Personally, I wanted this show to be ecchi, considering the sort of artwork found in the books, but by no means should anyone take that as a reasonable criticism of the show. Sonico has delivered mixed feelings amongst fans, but at my most harsh critique of the show I would call it “average.” I think one noteworthy element of the show is the end of each episode has a CG-animated “music video”, and that was one of my favorite parts of the show.
Witch Craft Works is the story of a student named Honoka that finds himself being hunted down by witches for a hidden power inside of him. He gains the protection of Ayaka, the most popular girl in school… and an incredibly powerful fire witch. While this may seem like a somewhat “generic” anime storyline, Witch Craft Works is anything but that.
Witch Craft Works is loaded with amusing characters and colorful, unique designs, and that is just the tip of the iceberg. This cast of cute and whimsical characters brings along some interesting world-building, a very cool story full of fantasy, and awesome, high-impact action, all of which is brought to life with great animation. Even amongst the huge hits of this season, this was my biggest favorite of the season, and I hope to see more of it in the future. Also, the ending credit song, “Witch Activity” is insanely catchy. This is one of this season’s “must see” shows.
Wizard Barristers takes place in the near future, in a world where magic is a thing and there is an entire legal system put into place to deal with magic-related crimes. The story is centered on a girl named Sudou Cecil, a young legal defender of wizard criminals. This show first gave me the impression that it was an over-the-top anime version of law and order, complete with magic and giant robot summons. But in the end, disappointment is all I got.
At first glance, and within the first few episodes, viewers are treated to adrenaline-fueled action, an interesting setting, and some 90’s-era character designs with a modern touch. About halfway through the season, however, this show begins a long, painful downward spiral and falls flat on its face. Obvious plot holes begin cropping up left and right, episodes dedicated to fairly boring characters start becoming the norm, and eventually the show collapses under some severe production issues. The most important fight of the entire show takes place in episode 11, and it consists of poorly-drawn stills with the vocal cast yelling out their lines. I’m not even joking, it is laughably bad. This sort of thing has happened in the past to amazing shows like Gargantia, Psycho Pass, and Attack on Titan, but never to this extent.

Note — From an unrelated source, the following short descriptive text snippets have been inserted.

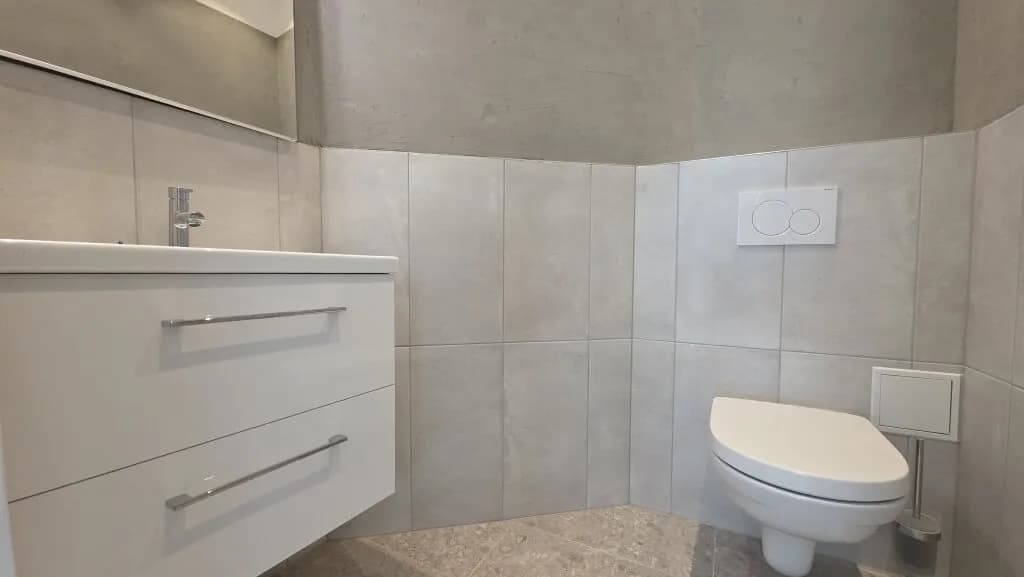 2-Zimmer-Gewerbeimmobilie mieten in Wien – 65 m², € 1.242 – Bild 11 von 13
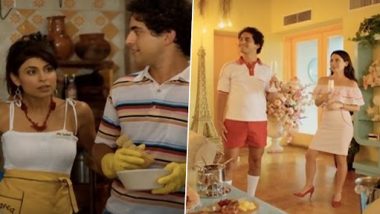Acapulco 3: Eugenio Derbez’s Bilingual Comedy Series Renewed at Apple TV+ for a Brand New Season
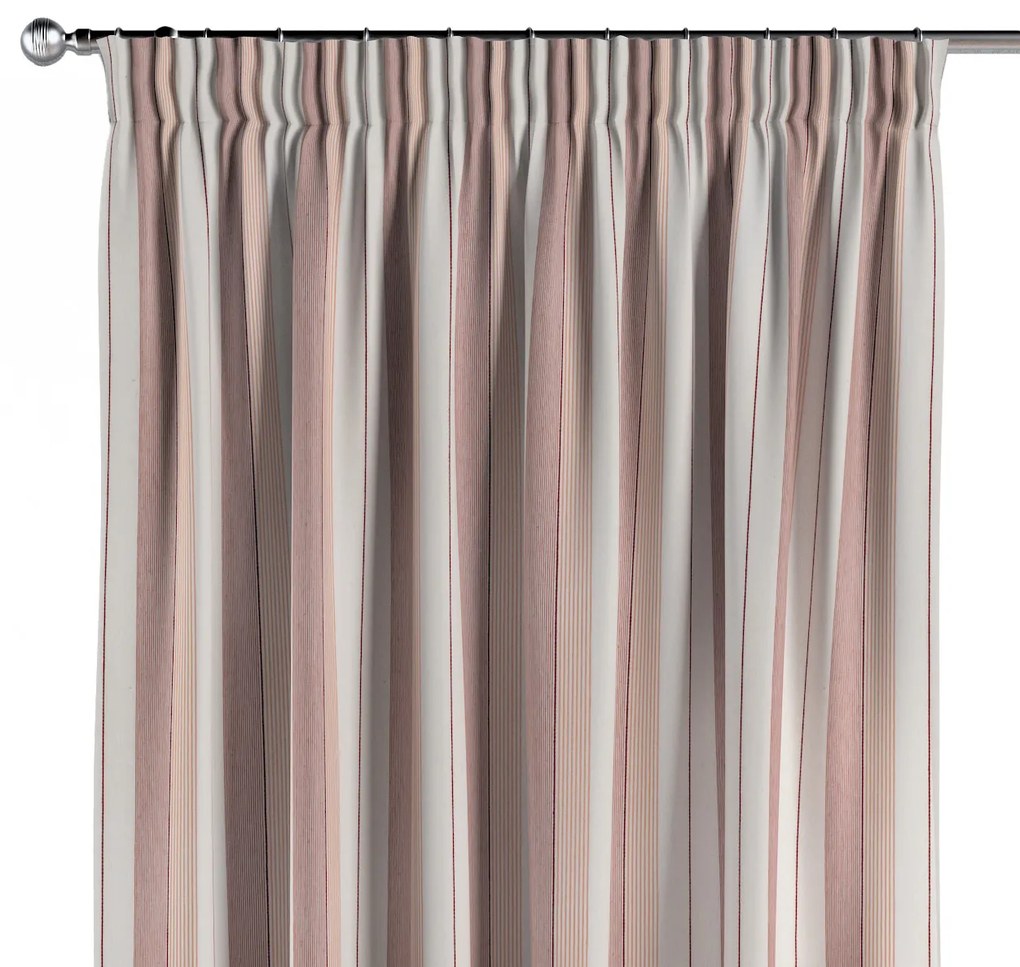 Záves na riasiacej páske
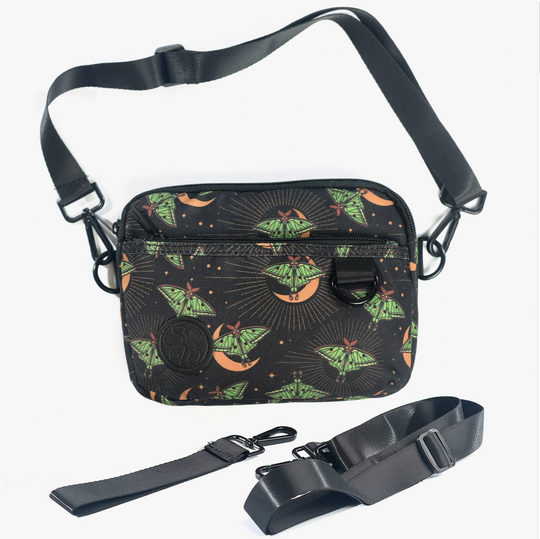 3 in 1 Bag by Sipsey Wilder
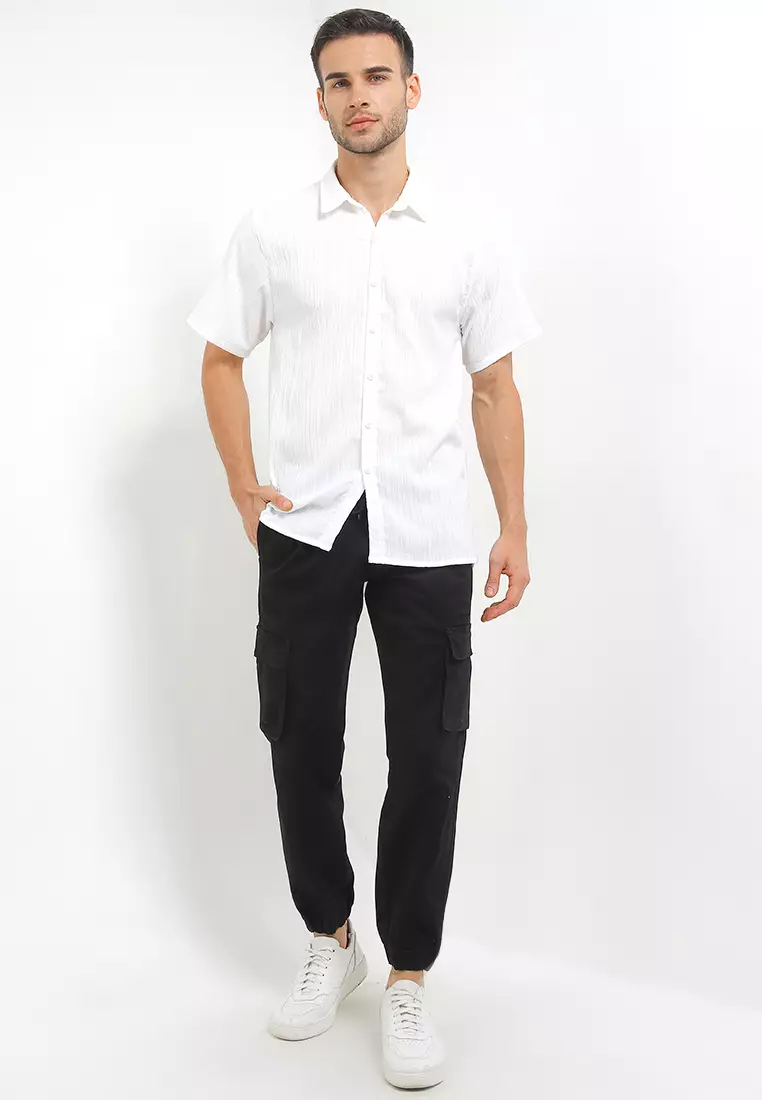 AS Jogger Cargo Pants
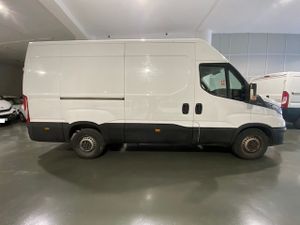 Iveco Daily Furgón 35S12 V 3520L H2 12.0 120cv - GARANTIA MECANICA  - Foto 5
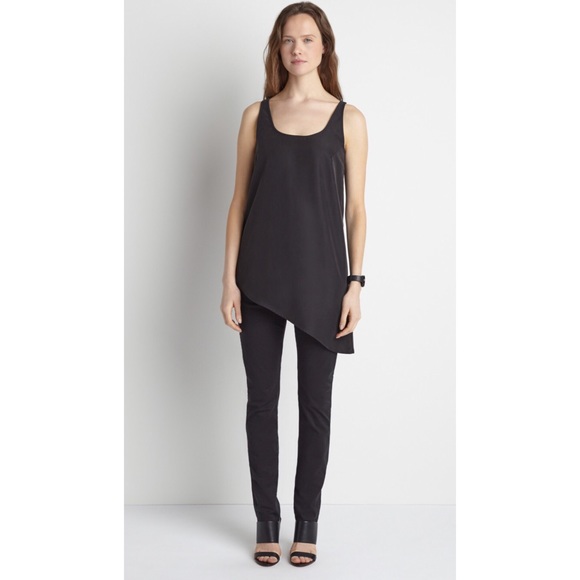 Emerson Fry Tops - ✂️Emerson Fry Triangle Tank Coal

I’m not going to candy-coat things, Wizard Barristers is pure shit. When I started watching it, I thought it had some great potential, but I don’t think I’ve seen a show fall apart this badly since the early 2000’s. The only reason I kept watching it was because it was so terrible towards the end it became both hilarious and sad to see all at once, and I was curious if they were actually going to keep going along with it. They did. Do yourself a favor and avoid this show at all costs. I’m not saying this to act like a critic, I’m saying this as my duty as a fellow human being.